Social Action for Health (SAfH) called on residents this week to help them discover the reasons behind late cancer diagnoses in the borough by joining a new theatre project.

Campaigners say many cases of cancer in Hackney are detected when the disease is more advanced and treatments are less effective - increasing the risk of death.

The cancer mortality rate in Hackney is roughly 175 per 100,000 people, which is slightly above the London average of 170 people per 100,000.

Elizabeth Bayliss, executive director of SAfH, said: “We don’t think this is only because local people go to their doctors too late, but that doctors are not following up when people do express a concern.”

SAFH asked patients to share their stories of cancer diagnosis at a theatre workshop on Tuesday morning (February 22).
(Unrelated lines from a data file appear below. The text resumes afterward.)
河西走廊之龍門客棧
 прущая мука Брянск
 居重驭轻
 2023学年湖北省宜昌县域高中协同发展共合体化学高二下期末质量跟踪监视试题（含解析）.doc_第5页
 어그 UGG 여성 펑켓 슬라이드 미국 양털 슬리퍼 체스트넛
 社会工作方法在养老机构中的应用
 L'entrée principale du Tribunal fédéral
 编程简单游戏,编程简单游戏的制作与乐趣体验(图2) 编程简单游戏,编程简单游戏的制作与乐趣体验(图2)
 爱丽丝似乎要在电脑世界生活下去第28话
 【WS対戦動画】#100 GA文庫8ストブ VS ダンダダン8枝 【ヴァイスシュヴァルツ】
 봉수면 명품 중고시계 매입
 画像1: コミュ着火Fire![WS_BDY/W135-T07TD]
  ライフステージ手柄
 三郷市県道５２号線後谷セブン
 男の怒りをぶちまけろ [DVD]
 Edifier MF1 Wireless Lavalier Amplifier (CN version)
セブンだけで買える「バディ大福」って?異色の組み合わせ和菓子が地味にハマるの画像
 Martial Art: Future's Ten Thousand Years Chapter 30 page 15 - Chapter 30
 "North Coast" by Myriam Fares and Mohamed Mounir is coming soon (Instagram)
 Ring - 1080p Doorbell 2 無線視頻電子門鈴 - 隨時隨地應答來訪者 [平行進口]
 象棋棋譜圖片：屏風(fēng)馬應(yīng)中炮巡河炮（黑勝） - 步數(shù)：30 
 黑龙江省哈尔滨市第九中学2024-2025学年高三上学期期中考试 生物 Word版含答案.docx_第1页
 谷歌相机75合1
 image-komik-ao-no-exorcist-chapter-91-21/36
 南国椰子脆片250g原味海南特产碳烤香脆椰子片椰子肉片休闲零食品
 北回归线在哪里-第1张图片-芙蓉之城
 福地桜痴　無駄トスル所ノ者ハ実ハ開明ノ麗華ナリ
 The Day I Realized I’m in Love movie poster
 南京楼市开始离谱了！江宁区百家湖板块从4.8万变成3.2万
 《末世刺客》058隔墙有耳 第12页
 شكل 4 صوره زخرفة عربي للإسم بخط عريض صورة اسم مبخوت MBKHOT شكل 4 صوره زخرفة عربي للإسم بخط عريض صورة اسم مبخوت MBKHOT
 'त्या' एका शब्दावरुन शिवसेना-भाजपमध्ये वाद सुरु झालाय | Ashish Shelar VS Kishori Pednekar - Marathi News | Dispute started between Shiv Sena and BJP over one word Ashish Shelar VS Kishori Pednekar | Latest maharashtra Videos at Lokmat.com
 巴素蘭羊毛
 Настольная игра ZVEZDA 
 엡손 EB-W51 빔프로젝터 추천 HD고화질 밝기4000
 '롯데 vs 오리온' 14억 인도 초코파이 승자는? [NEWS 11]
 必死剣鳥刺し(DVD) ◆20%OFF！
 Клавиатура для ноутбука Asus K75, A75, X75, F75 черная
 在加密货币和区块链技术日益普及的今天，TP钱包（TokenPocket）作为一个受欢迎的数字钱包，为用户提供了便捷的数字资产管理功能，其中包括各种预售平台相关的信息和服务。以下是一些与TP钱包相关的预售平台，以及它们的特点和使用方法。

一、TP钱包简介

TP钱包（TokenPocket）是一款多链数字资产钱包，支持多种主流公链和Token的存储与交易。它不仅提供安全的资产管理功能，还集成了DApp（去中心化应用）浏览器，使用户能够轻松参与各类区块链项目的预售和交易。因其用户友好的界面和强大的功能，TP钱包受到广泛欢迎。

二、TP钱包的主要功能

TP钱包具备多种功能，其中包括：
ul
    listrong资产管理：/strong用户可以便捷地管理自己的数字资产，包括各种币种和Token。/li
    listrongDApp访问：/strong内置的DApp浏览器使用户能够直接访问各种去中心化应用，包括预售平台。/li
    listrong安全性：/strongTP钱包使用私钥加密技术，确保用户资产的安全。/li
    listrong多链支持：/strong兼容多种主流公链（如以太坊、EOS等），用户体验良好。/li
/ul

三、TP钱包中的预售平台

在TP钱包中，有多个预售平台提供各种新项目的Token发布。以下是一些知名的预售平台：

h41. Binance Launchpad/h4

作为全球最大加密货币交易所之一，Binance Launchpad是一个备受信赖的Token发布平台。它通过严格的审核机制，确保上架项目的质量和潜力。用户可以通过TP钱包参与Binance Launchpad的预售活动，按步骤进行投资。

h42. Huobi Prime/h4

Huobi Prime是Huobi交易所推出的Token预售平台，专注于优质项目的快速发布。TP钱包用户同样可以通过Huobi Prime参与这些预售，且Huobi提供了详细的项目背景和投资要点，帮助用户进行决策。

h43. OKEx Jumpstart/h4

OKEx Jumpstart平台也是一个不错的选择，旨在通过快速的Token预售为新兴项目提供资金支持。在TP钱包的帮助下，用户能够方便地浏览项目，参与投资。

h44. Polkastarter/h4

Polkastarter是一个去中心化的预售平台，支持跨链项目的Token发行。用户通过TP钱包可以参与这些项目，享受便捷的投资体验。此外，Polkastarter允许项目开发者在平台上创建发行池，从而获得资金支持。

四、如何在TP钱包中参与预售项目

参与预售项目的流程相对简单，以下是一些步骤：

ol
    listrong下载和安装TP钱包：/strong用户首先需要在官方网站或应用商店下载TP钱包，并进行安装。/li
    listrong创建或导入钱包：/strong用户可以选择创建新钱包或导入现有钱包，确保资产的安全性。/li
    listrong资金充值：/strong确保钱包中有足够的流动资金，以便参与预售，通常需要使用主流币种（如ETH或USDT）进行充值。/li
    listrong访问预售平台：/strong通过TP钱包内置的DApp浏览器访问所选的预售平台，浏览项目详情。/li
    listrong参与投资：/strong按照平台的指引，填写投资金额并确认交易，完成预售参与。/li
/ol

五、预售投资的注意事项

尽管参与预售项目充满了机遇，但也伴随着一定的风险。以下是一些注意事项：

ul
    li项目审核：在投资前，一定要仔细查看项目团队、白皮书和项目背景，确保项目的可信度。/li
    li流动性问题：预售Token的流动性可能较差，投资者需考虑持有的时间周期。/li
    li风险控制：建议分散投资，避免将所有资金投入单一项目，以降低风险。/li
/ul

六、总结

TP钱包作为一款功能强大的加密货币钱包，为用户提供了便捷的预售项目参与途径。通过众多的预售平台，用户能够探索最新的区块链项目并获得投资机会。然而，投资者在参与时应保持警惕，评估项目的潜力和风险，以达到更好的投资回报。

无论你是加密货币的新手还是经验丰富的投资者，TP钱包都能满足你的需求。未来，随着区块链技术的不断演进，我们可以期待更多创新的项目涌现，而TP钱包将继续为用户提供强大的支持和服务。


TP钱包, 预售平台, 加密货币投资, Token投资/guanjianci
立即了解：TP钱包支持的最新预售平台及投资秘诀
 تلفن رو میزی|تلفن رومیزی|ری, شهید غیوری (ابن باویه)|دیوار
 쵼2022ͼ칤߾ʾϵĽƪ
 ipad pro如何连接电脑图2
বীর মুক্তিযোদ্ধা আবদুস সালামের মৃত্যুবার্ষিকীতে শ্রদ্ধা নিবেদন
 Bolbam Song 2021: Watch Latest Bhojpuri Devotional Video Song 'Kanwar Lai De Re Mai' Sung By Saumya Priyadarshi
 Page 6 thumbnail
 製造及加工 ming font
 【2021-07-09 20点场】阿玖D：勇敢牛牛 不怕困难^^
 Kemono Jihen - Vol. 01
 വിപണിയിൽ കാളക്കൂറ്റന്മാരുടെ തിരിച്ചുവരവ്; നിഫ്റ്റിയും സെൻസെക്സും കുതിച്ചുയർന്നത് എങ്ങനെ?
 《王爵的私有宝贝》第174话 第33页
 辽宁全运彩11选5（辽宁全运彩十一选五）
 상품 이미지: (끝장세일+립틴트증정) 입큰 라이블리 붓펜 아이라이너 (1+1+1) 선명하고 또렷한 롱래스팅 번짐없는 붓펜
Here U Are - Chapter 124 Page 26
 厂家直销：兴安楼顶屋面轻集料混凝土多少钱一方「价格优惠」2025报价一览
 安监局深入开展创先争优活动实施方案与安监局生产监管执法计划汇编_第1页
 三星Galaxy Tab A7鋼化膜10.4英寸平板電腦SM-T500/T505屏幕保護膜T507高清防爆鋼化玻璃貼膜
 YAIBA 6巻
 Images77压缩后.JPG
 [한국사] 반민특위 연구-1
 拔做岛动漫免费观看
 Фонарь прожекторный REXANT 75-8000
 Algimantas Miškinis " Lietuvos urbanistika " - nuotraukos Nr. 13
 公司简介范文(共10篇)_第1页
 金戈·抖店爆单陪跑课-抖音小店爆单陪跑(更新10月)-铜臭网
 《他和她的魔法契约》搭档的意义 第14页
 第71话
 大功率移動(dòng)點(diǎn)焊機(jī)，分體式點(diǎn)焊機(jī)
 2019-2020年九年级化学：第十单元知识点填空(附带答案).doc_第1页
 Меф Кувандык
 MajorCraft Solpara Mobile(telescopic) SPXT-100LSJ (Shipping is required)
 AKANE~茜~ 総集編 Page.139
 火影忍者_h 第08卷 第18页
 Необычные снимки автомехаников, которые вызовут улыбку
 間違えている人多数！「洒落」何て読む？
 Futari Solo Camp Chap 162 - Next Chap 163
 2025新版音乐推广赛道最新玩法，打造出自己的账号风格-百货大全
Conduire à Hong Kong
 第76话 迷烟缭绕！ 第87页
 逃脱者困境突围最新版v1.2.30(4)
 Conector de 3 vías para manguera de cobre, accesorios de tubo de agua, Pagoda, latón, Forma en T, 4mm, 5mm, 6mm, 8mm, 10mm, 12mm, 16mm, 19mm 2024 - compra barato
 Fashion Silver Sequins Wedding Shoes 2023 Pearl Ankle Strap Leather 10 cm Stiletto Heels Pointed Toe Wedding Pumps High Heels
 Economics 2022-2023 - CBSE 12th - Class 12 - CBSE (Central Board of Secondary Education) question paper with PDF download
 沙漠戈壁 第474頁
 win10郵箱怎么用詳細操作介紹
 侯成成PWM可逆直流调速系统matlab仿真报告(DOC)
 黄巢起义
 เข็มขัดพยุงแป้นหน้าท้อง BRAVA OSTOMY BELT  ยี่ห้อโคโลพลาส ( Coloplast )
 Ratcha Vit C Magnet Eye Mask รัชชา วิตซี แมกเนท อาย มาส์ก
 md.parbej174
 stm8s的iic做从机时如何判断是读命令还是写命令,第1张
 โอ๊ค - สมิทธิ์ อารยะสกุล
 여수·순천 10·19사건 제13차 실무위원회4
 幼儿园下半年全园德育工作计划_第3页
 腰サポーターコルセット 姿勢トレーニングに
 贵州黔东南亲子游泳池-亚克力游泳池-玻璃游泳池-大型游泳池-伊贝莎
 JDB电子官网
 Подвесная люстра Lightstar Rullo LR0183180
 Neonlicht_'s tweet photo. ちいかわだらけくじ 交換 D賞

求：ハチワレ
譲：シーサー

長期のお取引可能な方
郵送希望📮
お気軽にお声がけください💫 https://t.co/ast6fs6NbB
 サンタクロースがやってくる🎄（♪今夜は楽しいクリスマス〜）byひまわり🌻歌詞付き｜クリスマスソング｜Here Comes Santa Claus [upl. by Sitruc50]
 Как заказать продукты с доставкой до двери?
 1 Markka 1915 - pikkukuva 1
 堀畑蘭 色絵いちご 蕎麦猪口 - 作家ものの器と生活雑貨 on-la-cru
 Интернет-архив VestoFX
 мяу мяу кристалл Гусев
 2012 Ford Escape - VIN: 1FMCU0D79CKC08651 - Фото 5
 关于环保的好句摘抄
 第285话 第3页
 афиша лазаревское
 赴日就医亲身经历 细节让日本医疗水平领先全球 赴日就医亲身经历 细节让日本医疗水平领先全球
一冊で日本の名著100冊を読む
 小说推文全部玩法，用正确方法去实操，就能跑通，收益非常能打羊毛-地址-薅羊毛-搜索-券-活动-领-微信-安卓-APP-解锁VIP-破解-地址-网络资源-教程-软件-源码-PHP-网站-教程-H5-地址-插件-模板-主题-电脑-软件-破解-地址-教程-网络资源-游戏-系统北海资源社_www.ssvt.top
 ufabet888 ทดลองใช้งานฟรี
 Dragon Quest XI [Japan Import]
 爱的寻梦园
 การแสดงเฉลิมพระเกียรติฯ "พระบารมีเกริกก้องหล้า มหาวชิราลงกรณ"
“We want to improve the communication between local people and their doctors, and we are using interactive theatre techniques to explore this. We will then feed the learning we do to health professionals so that fewer people needlessly lose their lives to cancer in future,” said Elizabeth.

A spokeswoman for NHS City and Hackney PCT said: “Late diagnosis is a key contributor to the relatively low cancer survival rates in East London.

“A number of factors may delay the detection and diagnosis of cancer. Often individuals delay going to see their GP to get their symptoms checked out, perhaps because they don’t recognise that the symptoms are potentially serious, or because they fear being confronted with a diagnosis and undergoing treatment. Nationally, there is some evidence that GPs can improve their detection skills, and thereby refer patients for treatment more promptly.”

She said the PCT was working to improve survival rates by raising awareness of symptoms and screening programmes and supporting GPs to refer cancer symptoms properly.

“NHS City and Hackney is keen to work with Social Action for Health to understand the outcomes of these workshops and people’s local experiences.”